- **What the exercise asks**
Produce a word-for-word copy of the lines from the one that contains "Golden Retriever dogs" to the final line of the data below, with all pictures dropped.

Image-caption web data

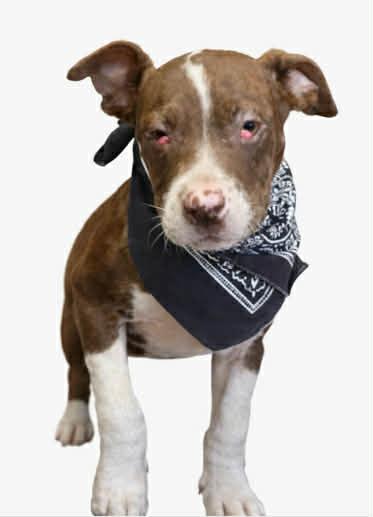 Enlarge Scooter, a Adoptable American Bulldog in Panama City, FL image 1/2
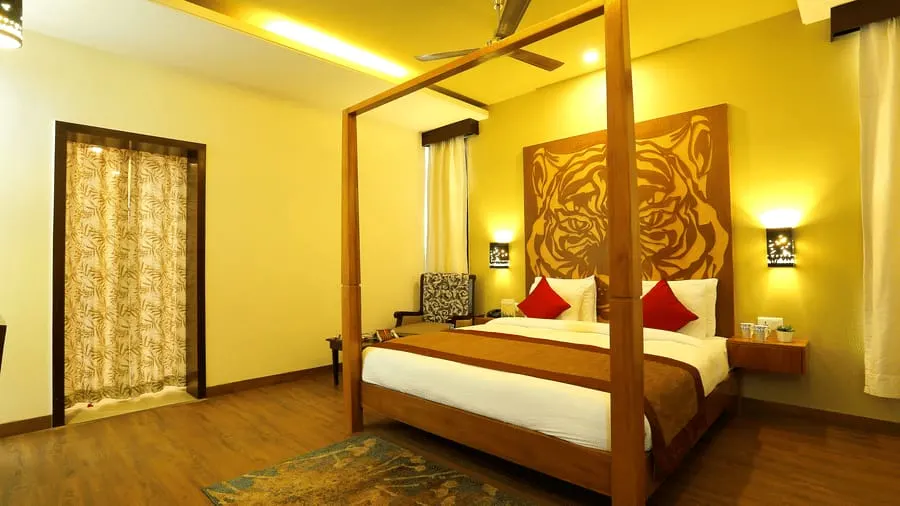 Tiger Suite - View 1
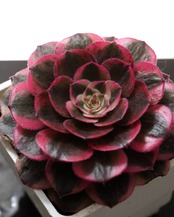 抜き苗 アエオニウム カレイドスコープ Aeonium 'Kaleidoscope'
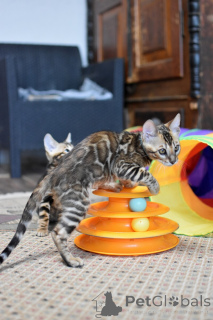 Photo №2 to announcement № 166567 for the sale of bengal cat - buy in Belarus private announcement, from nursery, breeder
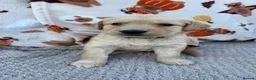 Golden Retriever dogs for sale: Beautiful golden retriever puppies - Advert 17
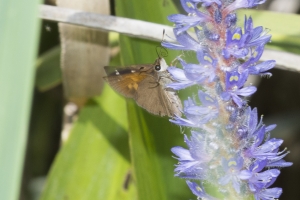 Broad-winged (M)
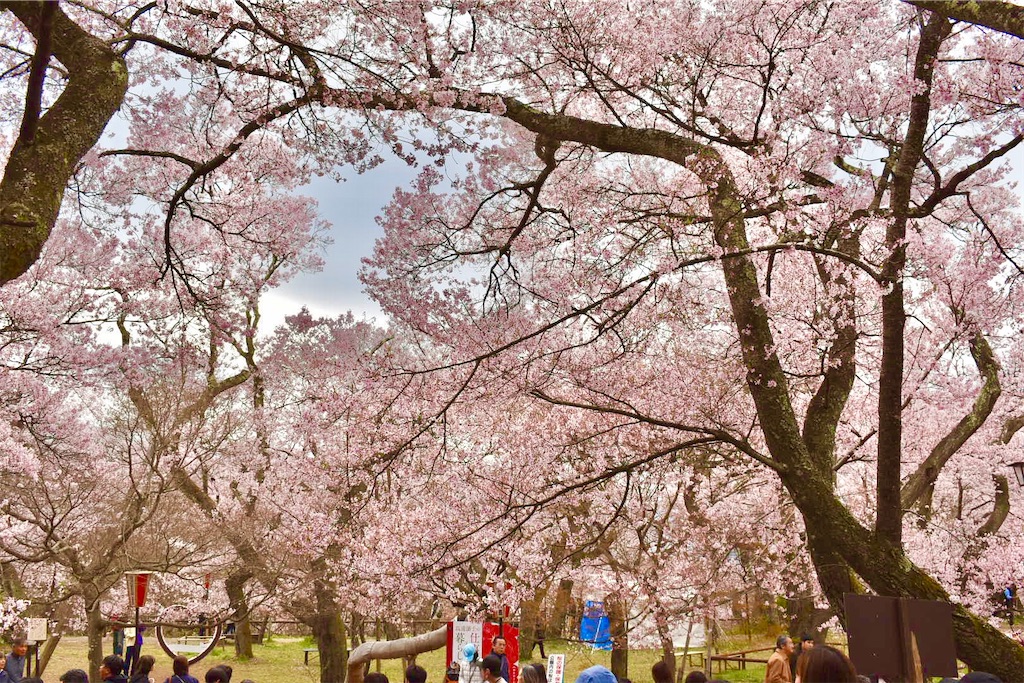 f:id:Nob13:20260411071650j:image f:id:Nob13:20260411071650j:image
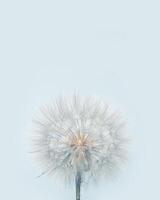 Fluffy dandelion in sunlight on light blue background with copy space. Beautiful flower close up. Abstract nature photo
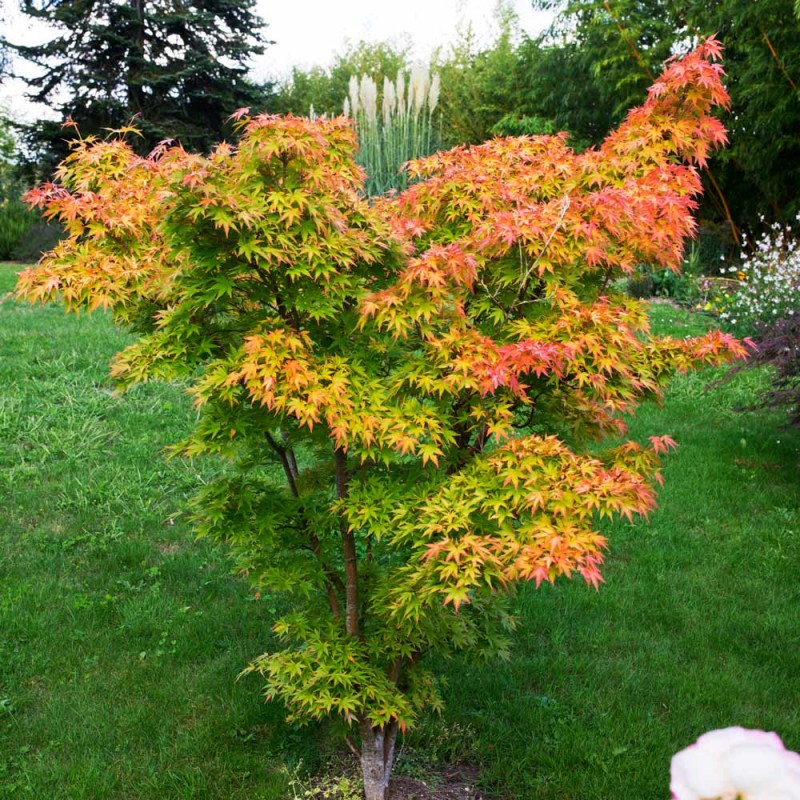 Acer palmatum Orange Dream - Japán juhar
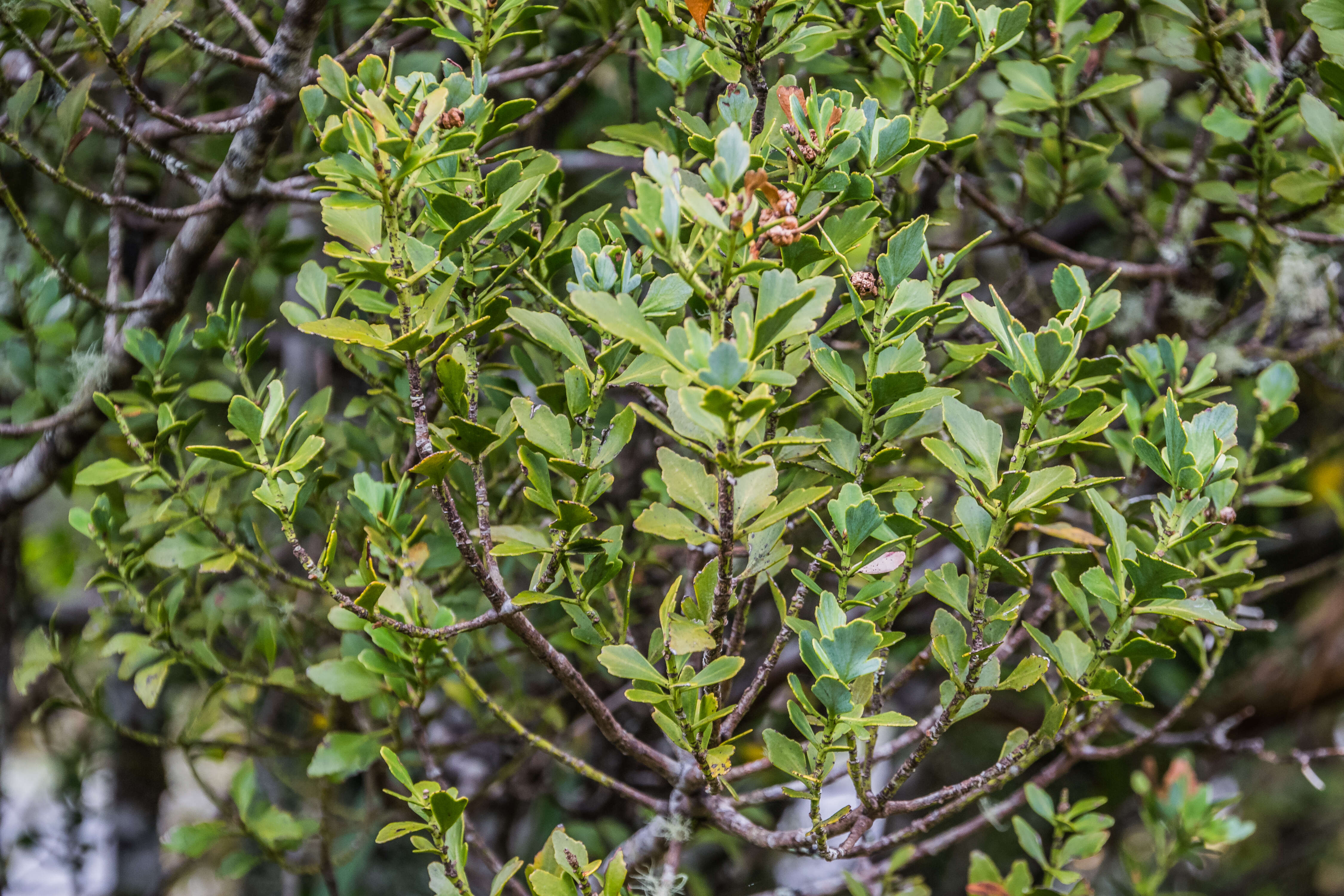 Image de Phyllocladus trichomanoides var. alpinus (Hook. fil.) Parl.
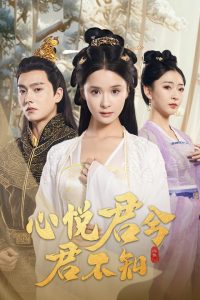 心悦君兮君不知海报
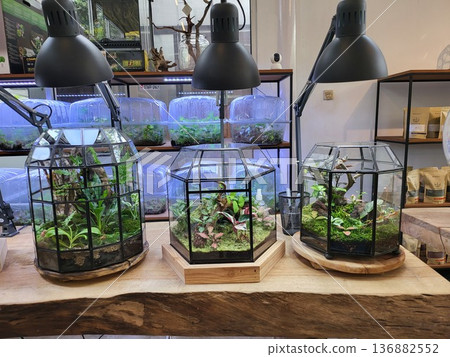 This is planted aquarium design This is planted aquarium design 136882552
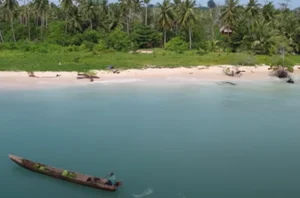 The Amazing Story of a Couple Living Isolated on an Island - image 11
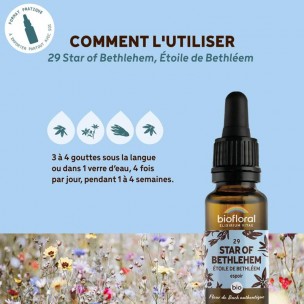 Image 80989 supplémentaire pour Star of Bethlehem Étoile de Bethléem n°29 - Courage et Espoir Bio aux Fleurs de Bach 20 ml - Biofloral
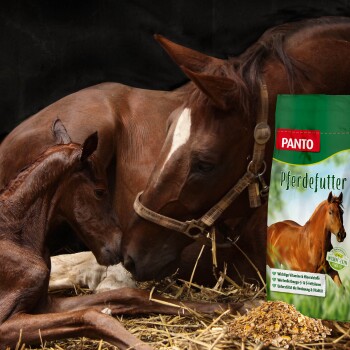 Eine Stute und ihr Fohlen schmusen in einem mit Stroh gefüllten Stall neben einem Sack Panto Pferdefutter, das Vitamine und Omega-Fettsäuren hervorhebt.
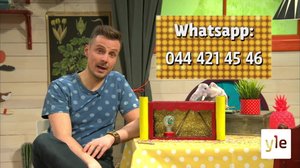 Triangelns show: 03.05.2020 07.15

- **Expected output**
 Golden Retriever dogs for sale: Beautiful golden retriever puppies - Advert 17
 Broad-winged (M)
 f:id:Nob13:20260411071650j:image f:id:Nob13:20260411071650j:image
 Fluffy dandelion in sunlight on light blue background with copy space. Beautiful flower close up. Abstract nature photo
 Acer palmatum Orange Dream - Japán juhar
 Image de Phyllocladus trichomanoides var. alpinus (Hook. fil.) Parl.
 心悦君兮君不知海报
 This is planted aquarium design This is planted aquarium design 136882552
 The Amazing Story of a Couple Living Isolated on an Island - image 11
 Image 80989 supplémentaire pour Star of Bethlehem Étoile de Bethléem n°29 - Courage et Espoir Bio aux Fleurs de Bach 20 ml - Biofloral
 Eine Stute und ihr Fohlen schmusen in einem mit Stroh gefüllten Stall neben einem Sack Panto Pferdefutter, das Vitamine und Omega-Fettsäuren hervorhebt.
 Triangelns show: 03.05.2020 07.15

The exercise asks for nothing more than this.